Jen Zebniak: I ultimately decided to continue renting. Sometimes it just makes sense to pay yourself back first. For me, I’m newly engaged. I’m getting married next year. I felt better paying down some debt first. Obviously now I’m saving for the wedding but in a few years I can reassess my situation and probably be in a better position to buy, well hopefully; but the circumstances could really be different for anybody when you consider all the costs involved with buying a house.
Dina Milne: Tell us some of the costs that you might save by not buying a house and renting.
Jen Zebniak: When you rent one great thing is that you’re not really responsible for the maintenance. You have the landlord, so if something breaks you don’t have to fix it yourself. More often than not, they pay for it and they come and fix it and you don’t have to worry about any of that so you’ll save some money there. Sometimes you can even find a place to rent where utilities are included and that can also really help.
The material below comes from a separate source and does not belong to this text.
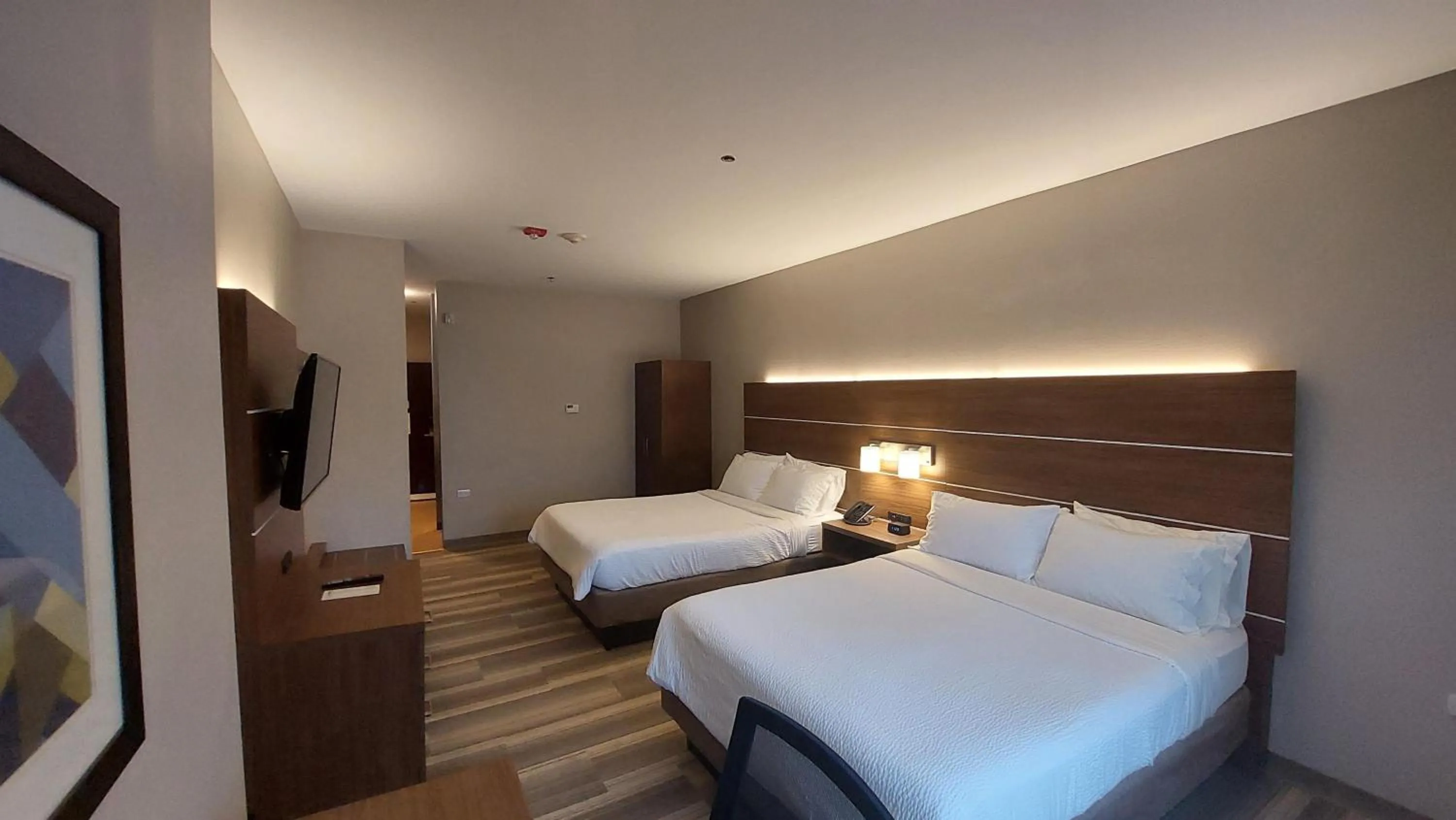 Photo of the whole room, Bed in Holiday Inn Express Trincity by IHG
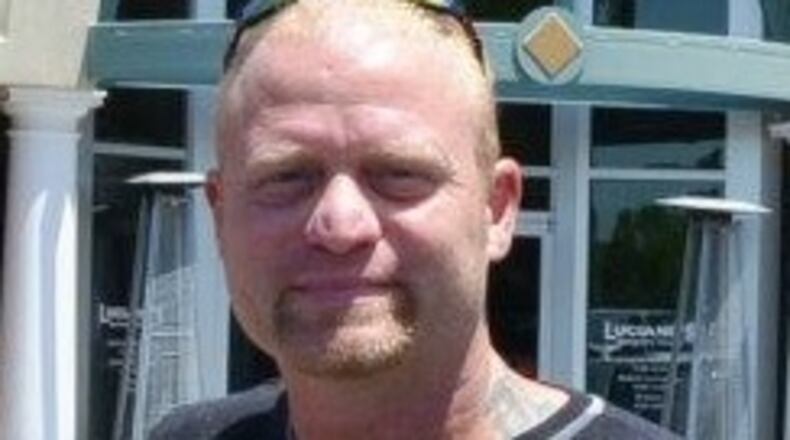 Brian Whitfield, 45, died from multiple gunshots Saturday in what police believe was a robbery at his Gwinnett County home.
Dina Milne: That’s great and probably HOA fees, too. You’re not paying HOA fees.
Jen Zebniak: Exactly.
Dina Milne: Megan, we’ve talked about some of the cost savings. What about some of the actual costs that you pay renting that you wouldn’t pay if you owned a home?
Megan Higgins: I can definitely speak from experience, Dina. So as you all know, I sold my house, my first home, in January. I went to a temporary housing in an apartment community because I wanted the ability to be able to be flexible with buying my second home. What I realized, because I’ve already owned a home to go from that and then to go from renting, I realized the cost savings was better for me to buy rather than continue to rent.
Dina Milne: How come?
Megan Higgins: The reason is because the various amount of fees that go into renting. First I pay the month-to-month fee to give myself flexibility. It’s nice that apartment communities offer that flexibility, but secondly, I had additional fees—like a pet fee because I had my dog living there with me, a storage unit fee, a parking fee, maintenance fees… not for everything but for some things. Utilities aren’t always included. In my case they were not. I realized when I did the numbers (as you know, we love to number-crunch here), I realized, what I’m paying in rent and for all those additional fees I could have a decent size mortgage for that.
Sophie Benander: I feel like that’s what I hear from most people: “I pay all this in rent, this could be going toward my mortgage payment.”
Megan Higgins: Absolutely.
Jen Zebniak: Most rental complexes will raise your rent year after year, too.
Megan Higgins: That’s true.
Jen Zebniak: That’s something else to keep in mind.
Dina Milne: I actually have an example where renting made a lot more sense for our clients. I worked with clients who lived in southern California. The husband retired about two years ago and they decided to move to northern California where their kids lived so that they could be closer to the kids and the grandkids, but the decision came up as to should they buy a home or rent a home? They had already sold their home. They made quite a good profit on it and we sat and looked at different scenarios. We looked at the area. It’s a lot more expensive to buy a home in northern California and we decided that maybe temporarily they would rent for a year, so they did.
Dina Milne: They enjoyed it so much. They actually liked the flexibility because in their second year of retirement, they were able to move and live next to one of their other kids who lived in northern Oregon. They’re enjoying that flexibility, they don’t view this as an extra cost and they’re liking the freedom that renting gives them.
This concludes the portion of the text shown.